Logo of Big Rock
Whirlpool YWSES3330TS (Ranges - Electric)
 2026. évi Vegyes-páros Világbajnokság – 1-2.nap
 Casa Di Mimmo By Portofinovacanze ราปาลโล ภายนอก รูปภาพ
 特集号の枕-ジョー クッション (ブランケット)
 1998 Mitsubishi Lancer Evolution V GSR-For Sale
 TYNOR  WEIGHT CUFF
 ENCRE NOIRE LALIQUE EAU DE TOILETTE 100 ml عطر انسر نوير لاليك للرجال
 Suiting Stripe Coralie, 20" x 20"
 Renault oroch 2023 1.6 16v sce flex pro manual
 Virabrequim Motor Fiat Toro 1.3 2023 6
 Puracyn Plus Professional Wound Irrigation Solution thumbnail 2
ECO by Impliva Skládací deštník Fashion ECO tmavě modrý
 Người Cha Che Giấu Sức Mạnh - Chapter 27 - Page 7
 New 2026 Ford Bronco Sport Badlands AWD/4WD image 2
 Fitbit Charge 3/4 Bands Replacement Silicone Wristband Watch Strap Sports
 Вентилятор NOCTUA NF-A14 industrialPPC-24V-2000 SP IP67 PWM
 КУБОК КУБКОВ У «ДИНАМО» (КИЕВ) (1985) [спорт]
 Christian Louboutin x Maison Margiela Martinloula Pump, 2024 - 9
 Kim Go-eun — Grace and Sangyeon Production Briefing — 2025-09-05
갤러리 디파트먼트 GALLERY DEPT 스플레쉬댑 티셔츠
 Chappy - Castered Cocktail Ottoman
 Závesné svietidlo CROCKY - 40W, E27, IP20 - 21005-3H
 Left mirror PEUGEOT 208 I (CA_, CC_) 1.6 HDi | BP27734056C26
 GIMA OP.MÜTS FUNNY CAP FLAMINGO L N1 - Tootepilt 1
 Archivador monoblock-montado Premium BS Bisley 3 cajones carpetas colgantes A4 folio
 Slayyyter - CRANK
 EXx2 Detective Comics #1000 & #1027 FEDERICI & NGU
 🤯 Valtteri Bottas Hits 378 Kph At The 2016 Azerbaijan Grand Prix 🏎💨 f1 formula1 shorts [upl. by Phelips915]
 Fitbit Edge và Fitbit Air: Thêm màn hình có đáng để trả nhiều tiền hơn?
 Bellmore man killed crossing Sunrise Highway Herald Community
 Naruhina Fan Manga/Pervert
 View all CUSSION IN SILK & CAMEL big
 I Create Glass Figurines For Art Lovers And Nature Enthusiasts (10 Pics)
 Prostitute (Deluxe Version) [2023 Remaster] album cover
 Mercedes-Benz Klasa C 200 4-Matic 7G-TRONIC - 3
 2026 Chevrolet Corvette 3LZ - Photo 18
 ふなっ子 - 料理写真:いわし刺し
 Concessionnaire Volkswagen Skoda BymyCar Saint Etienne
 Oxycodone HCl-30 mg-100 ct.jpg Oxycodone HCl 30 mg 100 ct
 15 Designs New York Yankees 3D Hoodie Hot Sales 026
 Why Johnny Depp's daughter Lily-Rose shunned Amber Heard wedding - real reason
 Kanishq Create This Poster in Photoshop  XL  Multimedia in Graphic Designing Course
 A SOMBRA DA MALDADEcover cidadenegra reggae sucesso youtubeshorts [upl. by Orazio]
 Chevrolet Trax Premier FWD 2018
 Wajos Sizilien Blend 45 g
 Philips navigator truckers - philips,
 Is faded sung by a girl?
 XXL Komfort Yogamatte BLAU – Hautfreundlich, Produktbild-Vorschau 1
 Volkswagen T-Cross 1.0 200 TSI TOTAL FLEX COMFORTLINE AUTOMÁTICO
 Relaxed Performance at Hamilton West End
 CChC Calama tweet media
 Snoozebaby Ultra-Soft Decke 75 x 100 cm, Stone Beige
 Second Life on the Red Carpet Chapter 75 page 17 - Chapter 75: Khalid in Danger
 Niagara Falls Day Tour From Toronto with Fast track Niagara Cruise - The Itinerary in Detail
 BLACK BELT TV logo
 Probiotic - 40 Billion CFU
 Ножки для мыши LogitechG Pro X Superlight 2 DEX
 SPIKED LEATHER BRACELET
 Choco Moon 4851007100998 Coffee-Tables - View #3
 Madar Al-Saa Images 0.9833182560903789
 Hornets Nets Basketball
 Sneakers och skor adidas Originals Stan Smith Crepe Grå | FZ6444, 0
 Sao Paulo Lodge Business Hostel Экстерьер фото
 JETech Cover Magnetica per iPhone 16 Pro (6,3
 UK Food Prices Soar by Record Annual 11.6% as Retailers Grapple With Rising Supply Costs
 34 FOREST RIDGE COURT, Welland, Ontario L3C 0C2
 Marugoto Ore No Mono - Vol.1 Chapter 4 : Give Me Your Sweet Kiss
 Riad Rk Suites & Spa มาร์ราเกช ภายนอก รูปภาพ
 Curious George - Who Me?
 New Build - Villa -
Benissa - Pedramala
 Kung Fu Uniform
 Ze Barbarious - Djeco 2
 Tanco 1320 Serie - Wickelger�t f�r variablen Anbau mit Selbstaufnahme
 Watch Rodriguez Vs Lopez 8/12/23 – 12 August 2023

· · · · · · ·

What you give back must match the material word for word.

Logo of Big Rock
Whirlpool YWSES3330TS (Ranges - Electric)
 2026. évi Vegyes-páros Világbajnokság – 1-2.nap
 Casa Di Mimmo By Portofinovacanze ราปาลโล ภายนอก รูปภาพ
 特集号の枕-ジョー クッション (ブランケット)
 1998 Mitsubishi Lancer Evolution V GSR-For Sale
 TYNOR  WEIGHT CUFF
 ENCRE NOIRE LALIQUE EAU DE TOILETTE 100 ml عطر انسر نوير لاليك للرجال
 Suiting Stripe Coralie, 20" x 20"
 Renault oroch 2023 1.6 16v sce flex pro manual
 Virabrequim Motor Fiat Toro 1.3 2023 6
 Puracyn Plus Professional Wound Irrigation Solution thumbnail 2
ECO by Impliva Skládací deštník Fashion ECO tmavě modrý
 Người Cha Che Giấu Sức Mạnh - Chapter 27 - Page 7
 New 2026 Ford Bronco Sport Badlands AWD/4WD image 2
 Fitbit Charge 3/4 Bands Replacement Silicone Wristband Watch Strap Sports
 Вентилятор NOCTUA NF-A14 industrialPPC-24V-2000 SP IP67 PWM
 КУБОК КУБКОВ У «ДИНАМО» (КИЕВ) (1985) [спорт]
 Christian Louboutin x Maison Margiela Martinloula Pump, 2024 - 9
 Kim Go-eun — Grace and Sangyeon Production Briefing — 2025-09-05
갤러리 디파트먼트 GALLERY DEPT 스플레쉬댑 티셔츠
 Chappy - Castered Cocktail Ottoman
 Závesné svietidlo CROCKY - 40W, E27, IP20 - 21005-3H
 Left mirror PEUGEOT 208 I (CA_, CC_) 1.6 HDi | BP27734056C26
 GIMA OP.MÜTS FUNNY CAP FLAMINGO L N1 - Tootepilt 1
 Archivador monoblock-montado Premium BS Bisley 3 cajones carpetas colgantes A4 folio
 Slayyyter - CRANK
 EXx2 Detective Comics #1000 & #1027 FEDERICI & NGU
 🤯 Valtteri Bottas Hits 378 Kph At The 2016 Azerbaijan Grand Prix 🏎💨 f1 formula1 shorts [upl. by Phelips915]
 Fitbit Edge và Fitbit Air: Thêm màn hình có đáng để trả nhiều tiền hơn?
 Bellmore man killed crossing Sunrise Highway Herald Community
 Naruhina Fan Manga/Pervert
 View all CUSSION IN SILK & CAMEL big
 I Create Glass Figurines For Art Lovers And Nature Enthusiasts (10 Pics)
 Prostitute (Deluxe Version) [2023 Remaster] album cover
 Mercedes-Benz Klasa C 200 4-Matic 7G-TRONIC - 3
 2026 Chevrolet Corvette 3LZ - Photo 18
 ふなっ子 - 料理写真:いわし刺し
 Concessionnaire Volkswagen Skoda BymyCar Saint Etienne
 Oxycodone HCl-30 mg-100 ct.jpg Oxycodone HCl 30 mg 100 ct
 15 Designs New York Yankees 3D Hoodie Hot Sales 026
 Why Johnny Depp's daughter Lily-Rose shunned Amber Heard wedding - real reason
 Kanishq Create This Poster in Photoshop  XL  Multimedia in Graphic Designing Course
 A SOMBRA DA MALDADEcover cidadenegra reggae sucesso youtubeshorts [upl. by Orazio]
 Chevrolet Trax Premier FWD 2018
 Wajos Sizilien Blend 45 g
 Philips navigator truckers - philips,
 Is faded sung by a girl?
 XXL Komfort Yogamatte BLAU – Hautfreundlich, Produktbild-Vorschau 1
 Volkswagen T-Cross 1.0 200 TSI TOTAL FLEX COMFORTLINE AUTOMÁTICO
 Relaxed Performance at Hamilton West End
 CChC Calama tweet media
 Snoozebaby Ultra-Soft Decke 75 x 100 cm, Stone Beige
 Second Life on the Red Carpet Chapter 75 page 17 - Chapter 75: Khalid in Danger
 Niagara Falls Day Tour From Toronto with Fast track Niagara Cruise - The Itinerary in Detail
 BLACK BELT TV logo
 Probiotic - 40 Billion CFU
 Ножки для мыши LogitechG Pro X Superlight 2 DEX
 SPIKED LEATHER BRACELET
 Choco Moon 4851007100998 Coffee-Tables - View #3
 Madar Al-Saa Images 0.9833182560903789
 Hornets Nets Basketball
 Sneakers och skor adidas Originals Stan Smith Crepe Grå | FZ6444, 0
 Sao Paulo Lodge Business Hostel Экстерьер фото
 JETech Cover Magnetica per iPhone 16 Pro (6,3
 UK Food Prices Soar by Record Annual 11.6% as Retailers Grapple With Rising Supply Costs
 34 FOREST RIDGE COURT, Welland, Ontario L3C 0C2
 Marugoto Ore No Mono - Vol.1 Chapter 4 : Give Me Your Sweet Kiss
 Riad Rk Suites & Spa มาร์ราเกช ภายนอก รูปภาพ
 Curious George - Who Me?
 New Build - Villa -
Benissa - Pedramala
 Kung Fu Uniform
 Ze Barbarious - Djeco 2
 Tanco 1320 Serie - Wickelger�t f�r variablen Anbau mit Selbstaufnahme
 Watch Rodriguez Vs Lopez 8/12/23 – 12 August 2023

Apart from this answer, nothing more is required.